Figure 6. S100A4 inhibits CD8⁺ T cell apoptosis though the Akt signaling pathway. (A) CTLL-2 cells, a CD8⁺ murine lymphoid cell line, were cultured with or without S100A4 (1 µg/mL), or S100A4 combined with anti-S100A4 blocking mAb (6 µg/mL) for 3 d and then subjected to FACS analysis of cell apoptosis. ##p < 0.01. (B) Western blots showing the expression of cleaved caspase-3 and caspase-9. (C) CTLL-2 cells were stimulated with S100A4 for varying lengths of time, and the indicated signaling pathways were analyzed by Western blot. (D) An Erk inhibitor or Akt inhibitor was applied to the CTLL-2 culture system supplied with S100A4, and the percentage of apoptotic cells was analyzed via FACS 3 d later. Statistical data are shown (E). ##p < 0.01.

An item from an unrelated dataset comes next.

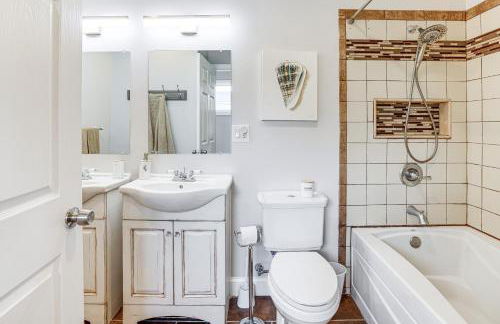 Dock and Backyard Bar Spacious Barnegat Bay Retreat - Foto 18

Figure 7. Targeting both the CD137 and S100A4 pathways in mice diminishes liver toxicity but retains antitumor immunity. Three groups of C57BL/six mice (n = 5 per group) were treated with RatIg, 2A, or 2A plus anti-S100A4 mAb 4 times on days 8, 11, 14, and 18. (A) The kinetics of tumor growth in these three groups are shown. ##p < 0.01. (B) Serum ALT levels in these three groups are shown. Day 0 represents the first day of 2A injection. #p < 0.05. (C) Liver tissue collected 7 or 14 d after the first injection of 2A were stained with H&E and Sirius red. Representative FACS data showing the proportions of CD4⁺ T cells and CD8⁺ T cells and statistical analysis of CD8⁺ T cells in the (D) tumor and (E) liver. #p < 0.05. (F) Representative IHC staining for CD8⁺ in tumor sections from different groups.

Figure 8. The role of S100A4 in anti-CD137-induced liver toxicity. CD8⁺ T cells, mainly the memory T cells, are activated by the anti-CD137 antibody in the liver and secrete large amounts of IFNγ, leading to the activation of macrophages and liver toxicity. During this process, large amounts of S100A4 are produced specifically inside of the liver and enhance CD8⁺ T cell survival, further amplifying the liver damage. Targeting S100A4 with an S100A4 blocking antibody affects CD8⁺ T cell survival and causes minimal liver toxicity. Similar effects could also be obtained by S100A4 deficiency or depletion of S100A4-positive macrophages.